1. Had to be with them for 6-12 months first.
2. Had to be certain it was a long term/in love/the one
3. Had to have him checked out
4. Staying over is a no no initially
But now, I dunno. I'm living with mum so currently it's not an issue, built in babysitter, but soon (4 weeks) I'll be in my own place and have to consider what's going to happen if I want to keep seeing him. We have discussed it but let's say it was inconclusive. We are not currently boyfriend/girlfriend and we've agreed we need to be at least that for the children to meet. My children are 10 & 1. If they were toddlers sometimes I think that'd be easier, but A being ten, she'll be more aware.
Any advice? Experience? As a single mum or as a child? My adult friend often says 'one of her step dads' came to visit, she had so many as a child. It makes me sad. Her relationship history is a direct (negative) result of it I'm sure.
03/06/2013 at 09:51
Can he not just be a friend? It's not like you'll be snogging and the like in front of A, just don't have him sleep over so you wake up together, or he leaves early doors. I think until it's serious and a confirmed relationship this is the best way.
03/06/2013 at 10:18
With my H, when we first got together, we would always go out so that he never came to the house at first, then when he did, it was only for a short time and I introduced him as my "friend", then we just progressed to him coming round a little more often and then I sat down with A asking what he thought of Richard and about me and him being boyfriend and girlfriend, he was happy with this as he had seen Richard a few times by now etc.
Forgot to say A was about 5yrs when we first got together.
03/06/2013 at 10:24
WBelleS. A friend is the best suggestion until your relationship develops into something more
03/06/2013 at 10:31
I agree with what the others have said about introducing as a friend and don't have him round too much so he's hogging all your time. I only say that because this is what sil is doing with her boyfriend and her two young boys and it doesn't seem right. With us N was only 1 and H and I lived about 2 hours away from each other so we only saw each other every other weekend anyway. It was easy with N being so young as it was a gradual process and he didn't understand so when it came to moving in with him it felt natural as we'd been spending more and more time together.
03/06/2013 at 10:32
What Belle says, no pressure on anyone that way x
03/06/2013 at 10:33
I think wbelles. I was v much like you in thinking 6-12 months but then I thought what if here sny like the kids or they don't like him nd I wait 12 months and just wasted that time. And getting caught up in the emotions too. So we went for 6 weeks but as friends and didnt sleep over. Though we did move fairly quickly after that as a year later I'd upped sticks and moved an or away to be with him. The boys were almost 5 and almost 7.
03/06/2013 at 10:52
Deafinately start by introducing as a friend, also have you talked to the 10 year old about the possibility of mummy maybe having a boyfriend one day?
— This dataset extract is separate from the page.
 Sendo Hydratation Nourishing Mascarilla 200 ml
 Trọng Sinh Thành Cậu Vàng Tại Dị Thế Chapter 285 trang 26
I only ask as when my sister started dating she spoke to her 2 about maybe mummy having a boyfriend one day.
Deafinately do not introduce friend/ boyfriend at a major family event, same sister got a bit swept away by new BF situation and he was introducced on christmas day when he arrived for dinner, although he was introduced as a friend it was stressful for all as non of the family had met him previously.
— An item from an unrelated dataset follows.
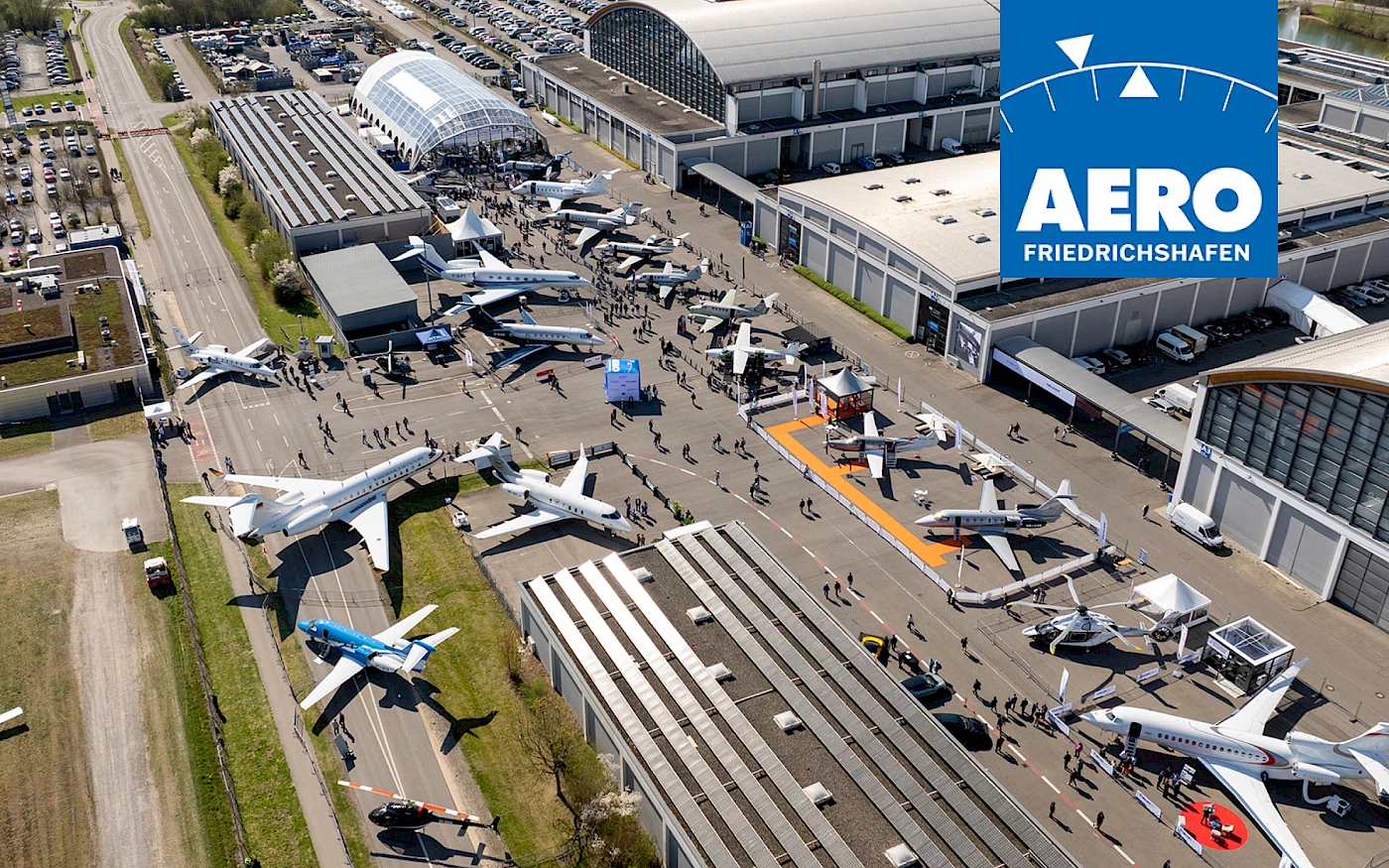 Atmospherica Private Jets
Deafinatly make sure you still have pleanty of time with girls on your own still as this caused lots of issues for the older of sister kids as she wasn't great at sharing attention.
03/06/2013 at 11:02
My parents split up when I was 13 so a bit older than your eldest, but my mum used to have "friends" over and they never stayed the night. I didn't have much to do with them and that was fine with me. I think the problem arises if you start including them in "family" activities, and then if you break up it's a loss to the child as well as to you. I never got to know my mum's "friends" well enough to miss them or have it affect me when they broke up.
03/06/2013 at 11:40
03/06/2013 at 13:11
When the children live with you for 99% of the time I think it would be hard to build a relationship with someone but not introduce them for 6 months as that would really reduce the time you have with the new someone. (I can see where you are coming from though). And also your children are very much part of you.
As others have said, keep it casual and see how it goes. The only thing I would say, is no matter how much you introduce them as a friend, be prepared for your ex to hear about it pretty quickly and even ask the question as to who he is (obviously I don't know your H, his circumstances or whether he would ask etc). I met my H when his little boy F was just over 2 but didn't spend much time with him for first 6 months or so (H would see him every other weekend) but when I started spending a bit more time with H and his son (only during the day etc), very quickly H's ex asked who I was just because my name had come up a couple of times in conversation when F was telling his Mum what he had been doing. My step son (F) is now nearly 10 (so similar age to your older one) and it was the same around christmas time he mentioned a man's name a few times and things they done etc so it was no surprise when a couple of weeks later H's ex told H that she had a new boyfriend.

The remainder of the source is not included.